RALEIGH — Guns would be allowed in restaurants and bars, on walking trails, and on college campuses under a bill that received tentative House approval Monday night with a 76-38 vote.
The bill also increases some penalties for crimes committed with firearms.
Republicans used procedural maneuvers to shelve without debate amendments proposed by Democrats to remove the section about allowing guns on campuses, to require background checks at gun shows, to require trigger locks, to limit high-capacity magazines, and to increase penalties for drinking while carrying a handgun.
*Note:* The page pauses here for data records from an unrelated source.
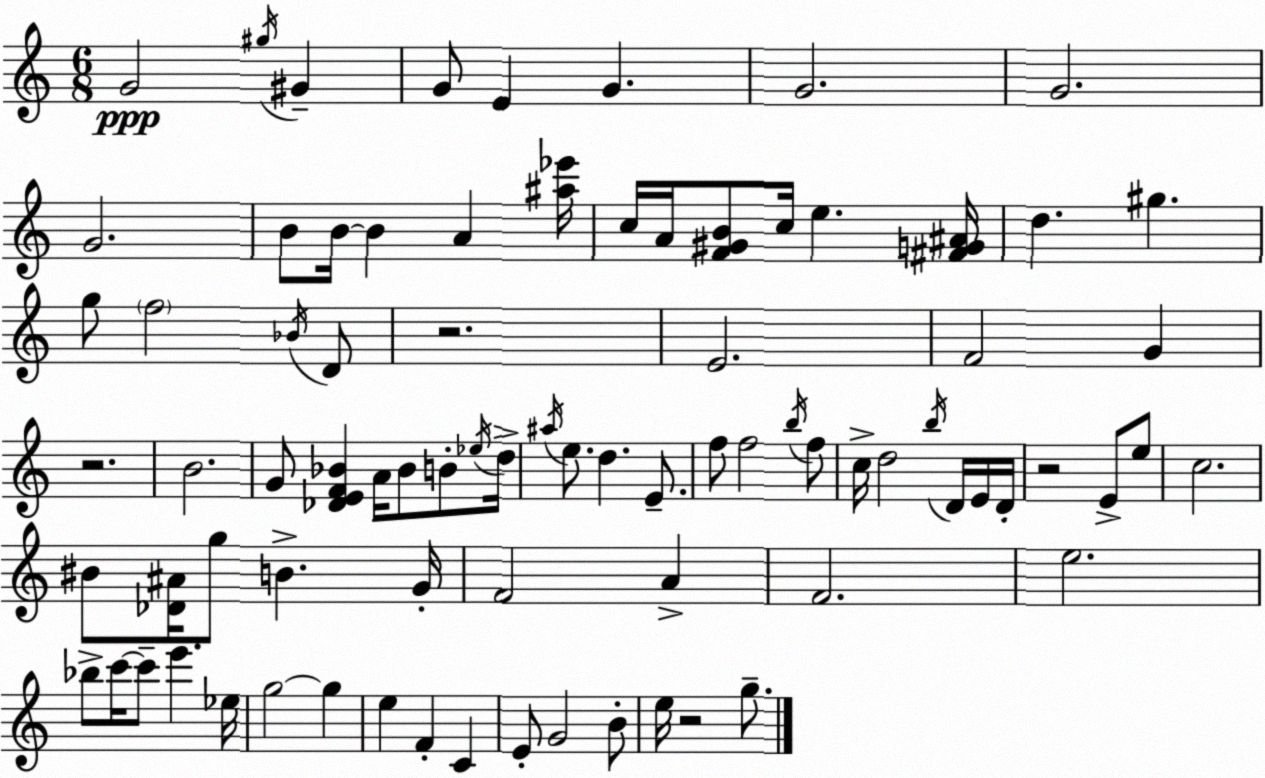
X:1
T:Untitled
M:6/8
L:1/4
K:C
G2 ^g/4 ^G G/2 E G G2 G2 G2 B/2 B/4 B A [^a_e']/4 c/4 A/4 [F^GB]/2 c/4 e [^FG^A]/4 d ^g g/2 f2 _B/4 D/2 z2 E2 F2 G z2 B2 G/2 [_DEF_B] A/4 _B/2 B/2 _e/4 d/4 ^a/4 e/2 d E/2 f/2 f2 b/4 f/2 c/4 d2 b/4 D/4 E/4 D/4 z2 E/2 e/2 c2 ^B/2 [_D^A]/4 g/2 B G/4 F2 A F2 e2 _b/2 c'/4 c'/2 e' _e/4 g2 g e F C E/2 G2 B/2 e/4 z2 g/2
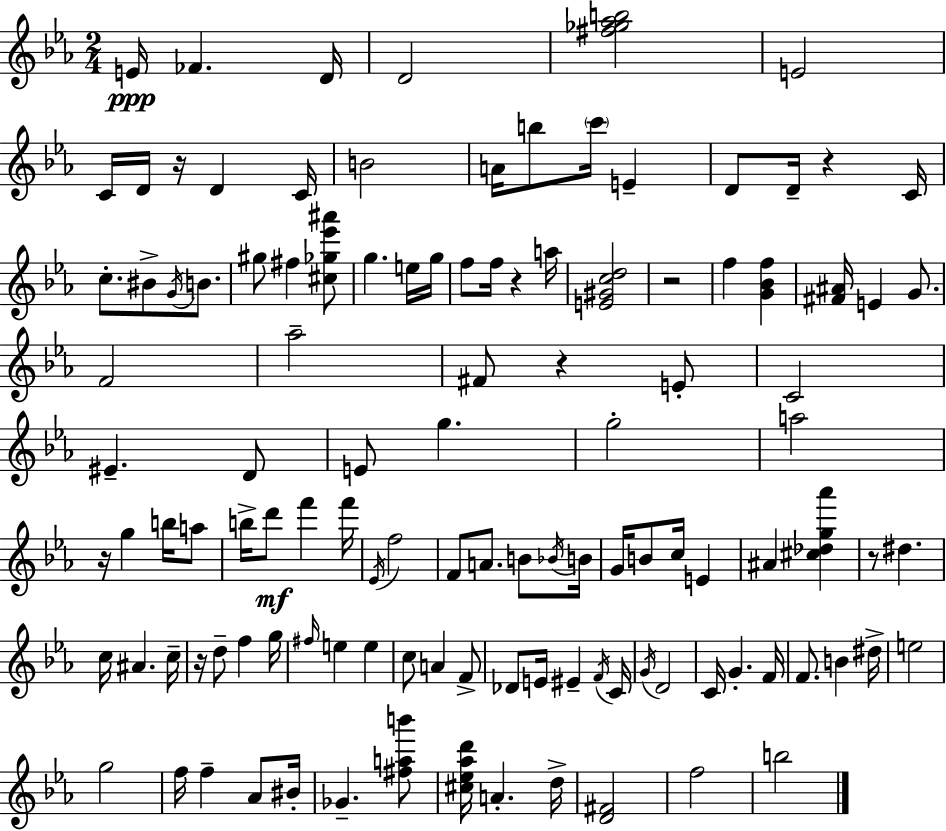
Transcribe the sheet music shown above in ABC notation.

X:1
T:Untitled
M:2/4
L:1/4
K:Cm
E/4 _F D/4 D2 [^f_g_ab]2 E2 C/4 D/4 z/4 D C/4 B2 A/4 b/2 c'/4 E D/2 D/4 z C/4 c/2 ^B/2 G/4 B/2 ^g/2 ^f [^c_g_e'^a']/2 g e/4 g/4 f/2 f/4 z a/4 [E^Gcd]2 z2 f [G_Bf] [^F^A]/4 E G/2 F2 _a2 ^F/2 z E/2 C2 ^E D/2 E/2 g g2 a2 z/4 g b/4 a/2 b/4 d'/2 f' f'/4 _E/4 f2 F/2 A/2 B/2 _B/4 B/4 G/4 B/2 c/4 E ^A [^c_dg_a'] z/2 ^d c/4 ^A c/4 z/4 d/2 f g/4 ^f/4 e e c/2 A F/2 _D/2 E/4 ^E F/4 C/4 G/4 D2 C/4 G F/4 F/2 B ^d/4 e2 g2 f/4 f _A/2 ^B/4 _G [^fab']/2 [^c_e_ad']/4 A d/4 [D^F]2 f2 b2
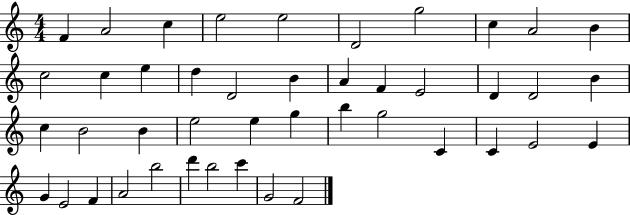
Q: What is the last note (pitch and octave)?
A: F4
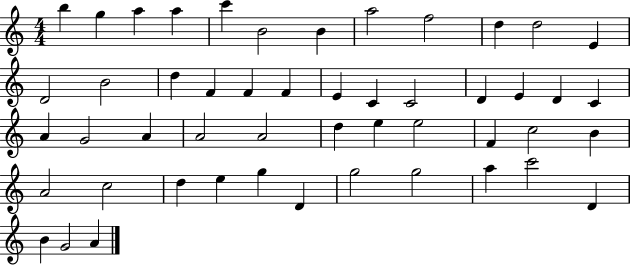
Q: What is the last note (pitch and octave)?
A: A4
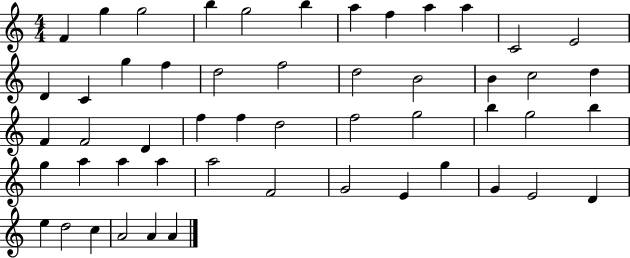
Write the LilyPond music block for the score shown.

{
  \clef treble
  \numericTimeSignature
  \time 4/4
  \key c \major
  f'4 g''4 g''2 | b''4 g''2 b''4 | a''4 f''4 a''4 a''4 | c'2 e'2 | \break d'4 c'4 g''4 f''4 | d''2 f''2 | d''2 b'2 | b'4 c''2 d''4 | \break f'4 f'2 d'4 | f''4 f''4 d''2 | f''2 g''2 | b''4 g''2 b''4 | \break g''4 a''4 a''4 a''4 | a''2 f'2 | g'2 e'4 g''4 | g'4 e'2 d'4 | \break e''4 d''2 c''4 | a'2 a'4 a'4 | \bar "|."
}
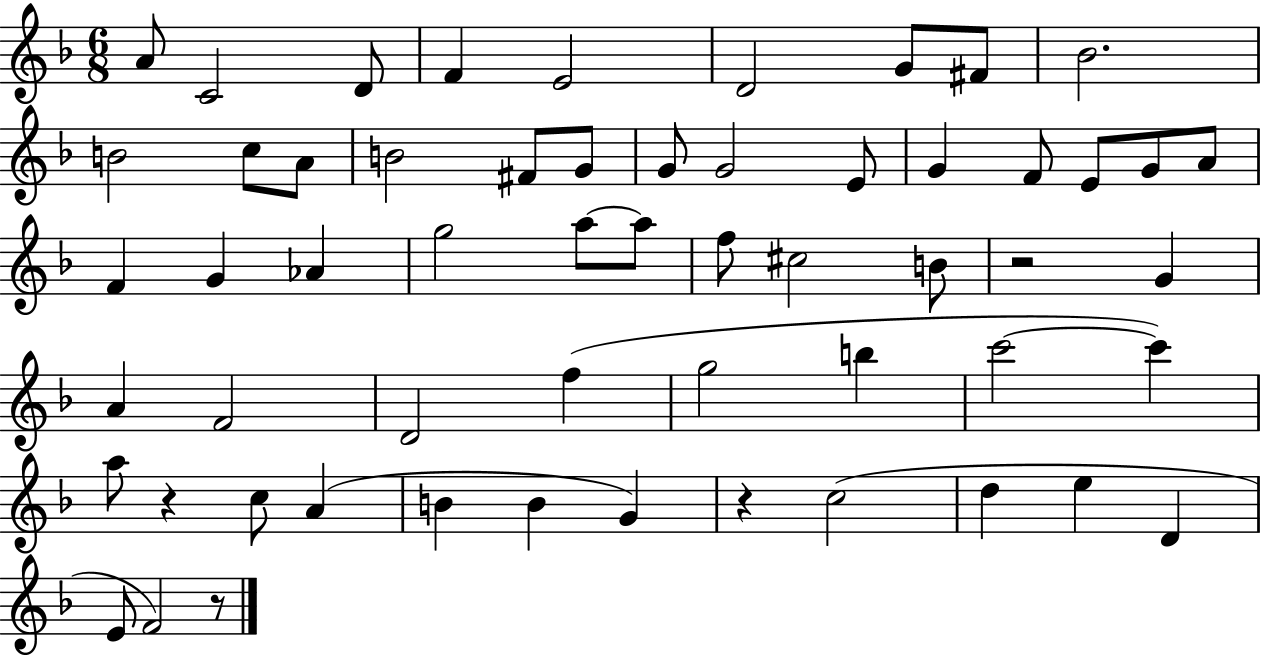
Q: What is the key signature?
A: F major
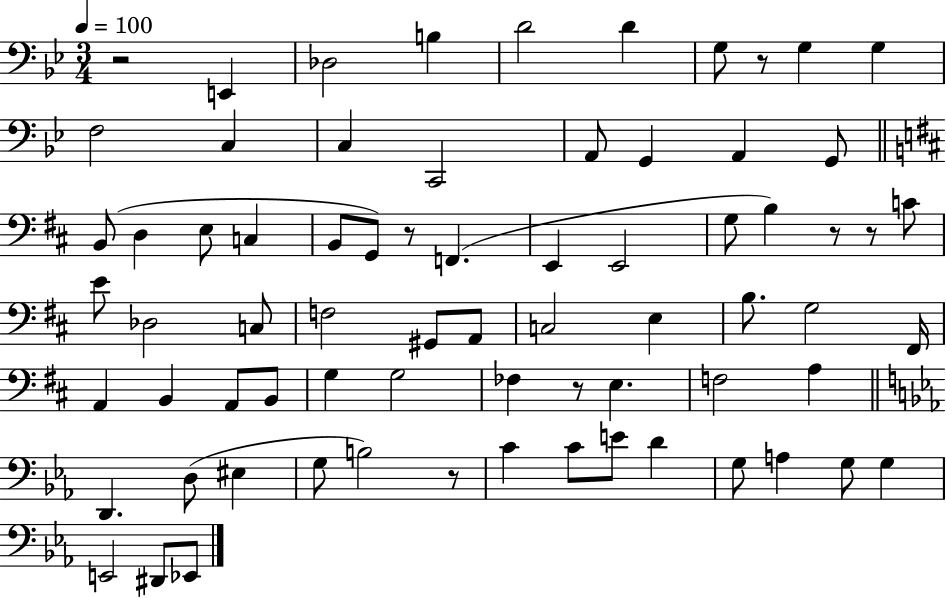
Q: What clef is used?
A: bass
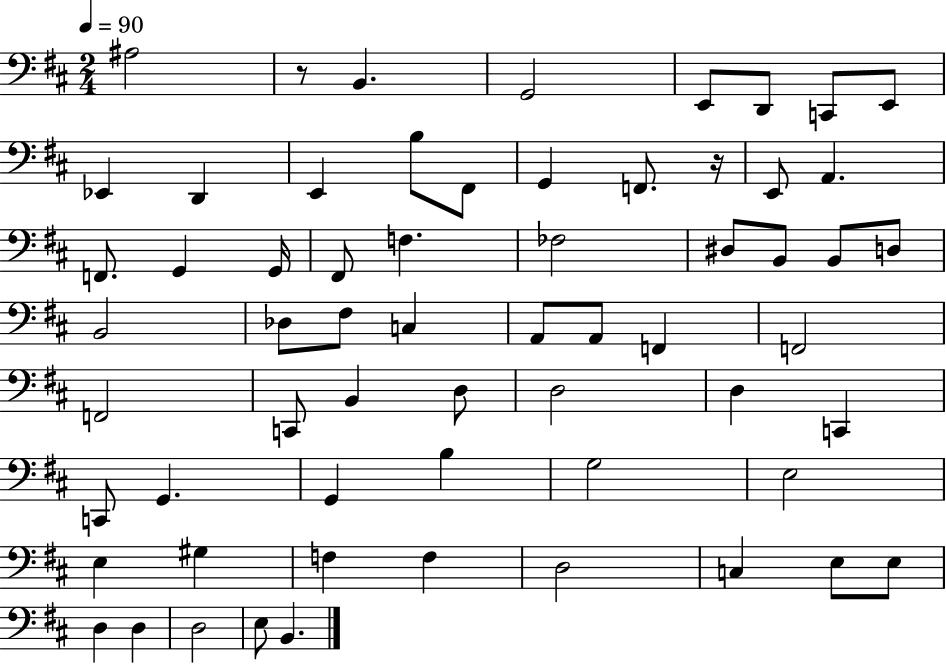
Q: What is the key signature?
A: D major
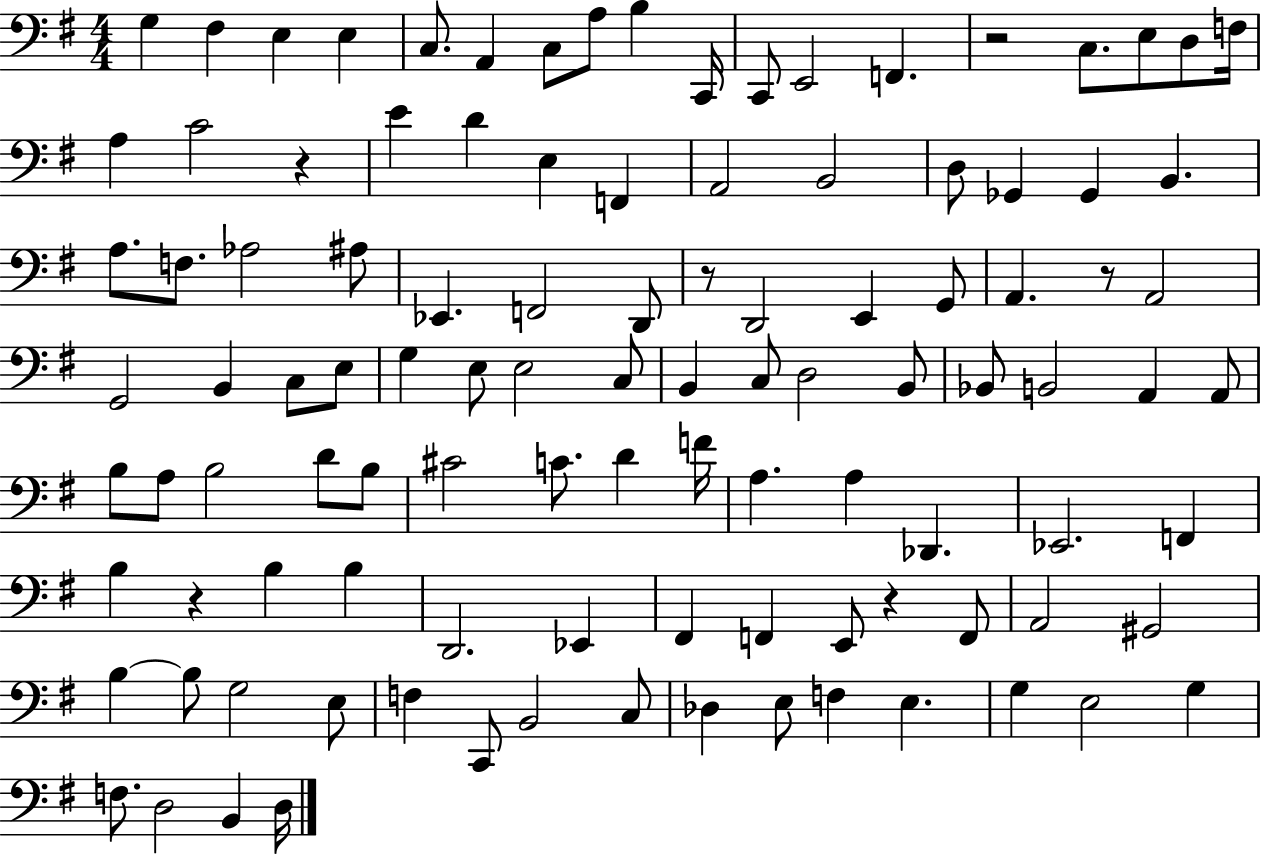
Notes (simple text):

G3/q F#3/q E3/q E3/q C3/e. A2/q C3/e A3/e B3/q C2/s C2/e E2/h F2/q. R/h C3/e. E3/e D3/e F3/s A3/q C4/h R/q E4/q D4/q E3/q F2/q A2/h B2/h D3/e Gb2/q Gb2/q B2/q. A3/e. F3/e. Ab3/h A#3/e Eb2/q. F2/h D2/e R/e D2/h E2/q G2/e A2/q. R/e A2/h G2/h B2/q C3/e E3/e G3/q E3/e E3/h C3/e B2/q C3/e D3/h B2/e Bb2/e B2/h A2/q A2/e B3/e A3/e B3/h D4/e B3/e C#4/h C4/e. D4/q F4/s A3/q. A3/q Db2/q. Eb2/h. F2/q B3/q R/q B3/q B3/q D2/h. Eb2/q F#2/q F2/q E2/e R/q F2/e A2/h G#2/h B3/q B3/e G3/h E3/e F3/q C2/e B2/h C3/e Db3/q E3/e F3/q E3/q. G3/q E3/h G3/q F3/e. D3/h B2/q D3/s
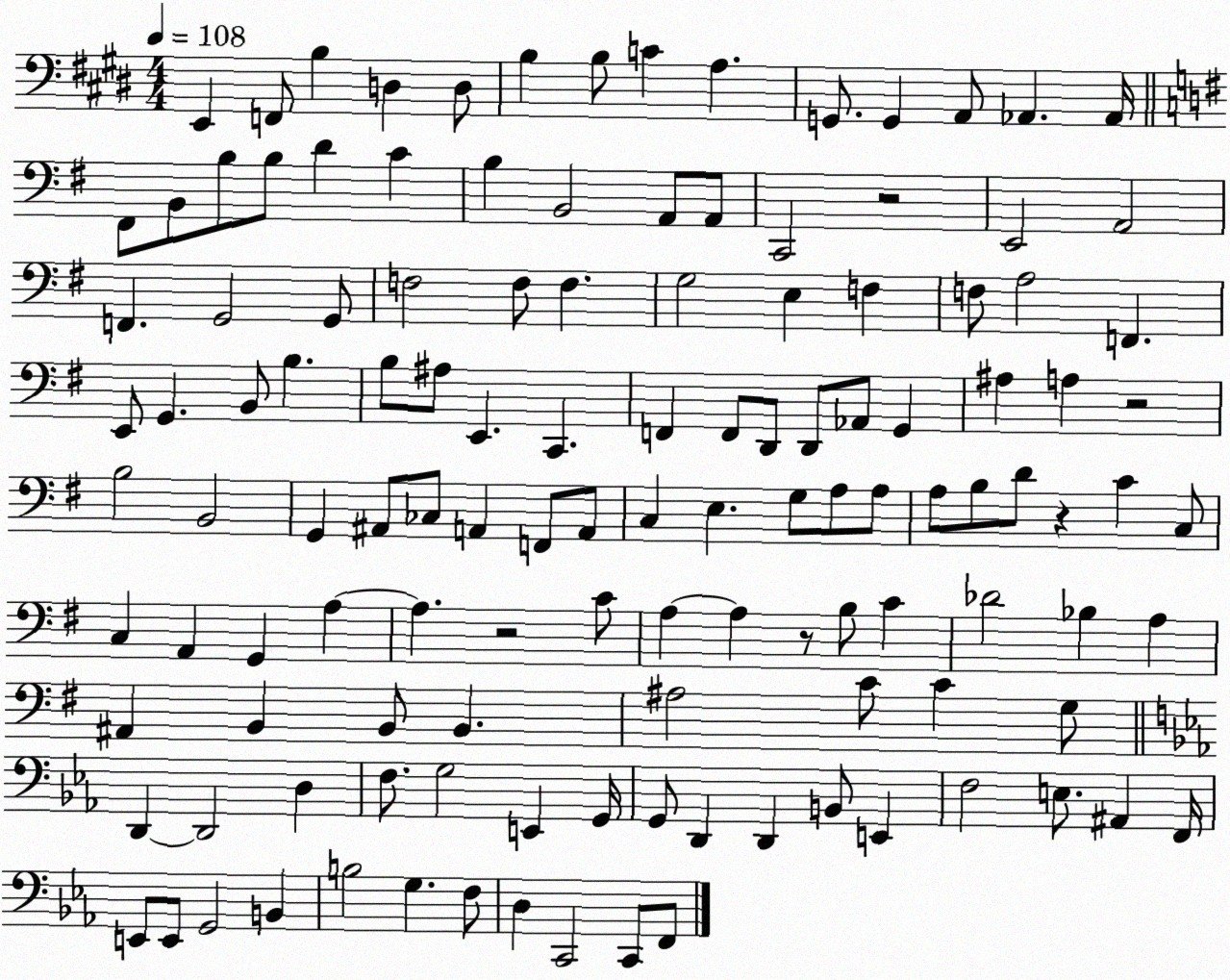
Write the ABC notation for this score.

X:1
T:Untitled
M:4/4
L:1/4
K:E
E,, F,,/2 B, D, D,/2 B, B,/2 C A, G,,/2 G,, A,,/2 _A,, _A,,/4 ^F,,/2 B,,/2 B,/2 B,/2 D C B, B,,2 A,,/2 A,,/2 C,,2 z2 E,,2 A,,2 F,, G,,2 G,,/2 F,2 F,/2 F, G,2 E, F, F,/2 A,2 F,, E,,/2 G,, B,,/2 B, B,/2 ^A,/2 E,, C,, F,, F,,/2 D,,/2 D,,/2 _A,,/2 G,, ^A, A, z2 B,2 B,,2 G,, ^A,,/2 _C,/2 A,, F,,/2 A,,/2 C, E, G,/2 A,/2 A,/2 A,/2 B,/2 D/2 z C C,/2 C, A,, G,, A, A, z2 C/2 A, A, z/2 B,/2 C _D2 _B, A, ^A,, B,, B,,/2 B,, ^A,2 C/2 C G,/2 D,, D,,2 D, F,/2 G,2 E,, G,,/4 G,,/2 D,, D,, B,,/2 E,, F,2 E,/2 ^A,, F,,/4 E,,/2 E,,/2 G,,2 B,, B,2 G, F,/2 D, C,,2 C,,/2 F,,/2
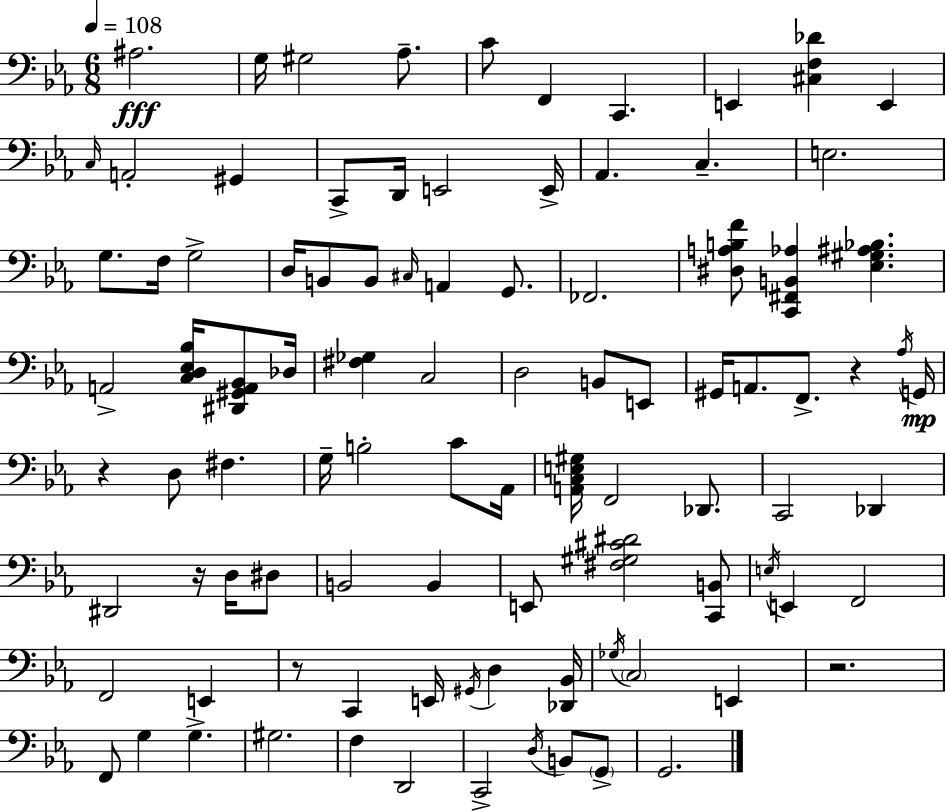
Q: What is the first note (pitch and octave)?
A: A#3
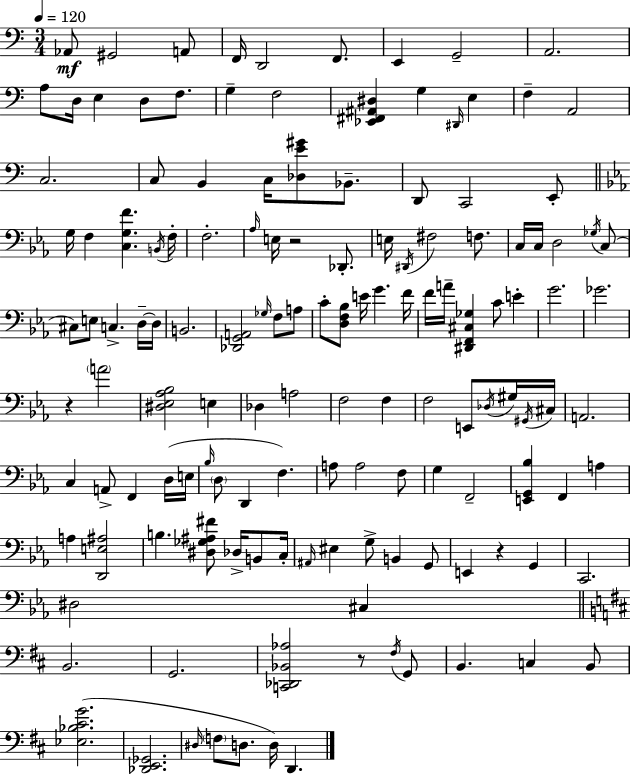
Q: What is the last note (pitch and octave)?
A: D2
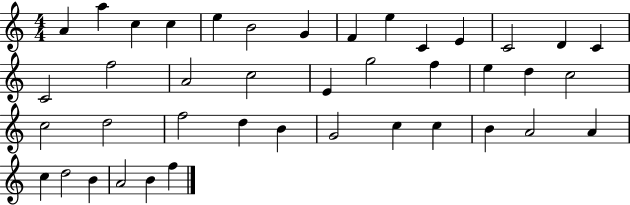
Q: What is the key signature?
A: C major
The bill expands the public places where people who have permits to carry concealed weapons can bring their handguns. Bars, restaurants, and other establishments would be able to prohibit guns by posting signs, and it would still be illegal to drink alcohol while armed. A bill allowing handguns in restaurants passed the House last year but stalled in the Senate.
There are more than 300,000 concealed-carry permits in the state.
“We’re allowing law-abiding, honest citizens to have the right to carry concealed weapons for their own protection,” said House Majority Leader Edgar Starnes of Hickory. “We live in a time when people feel like they need a gun for their own protection.”
Democrats argued that allowing guns in restaurants and bars would increase accidental shootings.
“Use your common sense,” said Rep. Darren Jackson, a Knightdale Democrat. “Do you want the person next to you drinking and handling a firearm?”
He named three examples of where guns fired accidentally this year, two in restaurants in Kansas and Colorado, and one at a Raleigh gun show where three people were injured.
And some legislators said it would be unwise to allow weapons on campuses when locked in vehicles when UNC System President Tom Ross, chancellors and police chiefs at university campuses, some community college administrators, and independent colleges oppose it.
“It doesn’t make sense to have guns on a college campus,” said Rep. Verla Insko, a Chapel Hill Democrat.
“Why are you giving people something they emphatically don’t want and will subject them to acts of violence in places where they already feel safe?” asked Rep. Deborah Ross, a Raleigh Democrat. “This is not something that makes this state a better place. It’s something that puts us on Stephen Colbert.”
While Democrats complained about loosening gun laws, Rep. Ruth Samuelson, a Charlotte Republican, reminded them that the N.C. Sheriffs Association supports the bill.
Republicans said students traveling to college campuses at night should have the right to have their weapons in their cars.
“What we’re saying here is not that a person can walk onto the campus of one of our universities and strap on his six-shooter and make his way through campus as a big man,” said Joseph Faircloth, a High Point Republican.
The bill refines a 2-year-old law that allows concealed guns in public parks, but allows municipalities to adopt ordinances prohibiting concealed handguns at “recreational facilities” such as playgrounds, athletic fields and swimming pools. It limits the recreational areas covered by local ordinances to exclude biking and walking paths, and open fields.
A final House vote is expected Tuesday. The bill then moves to the Senate.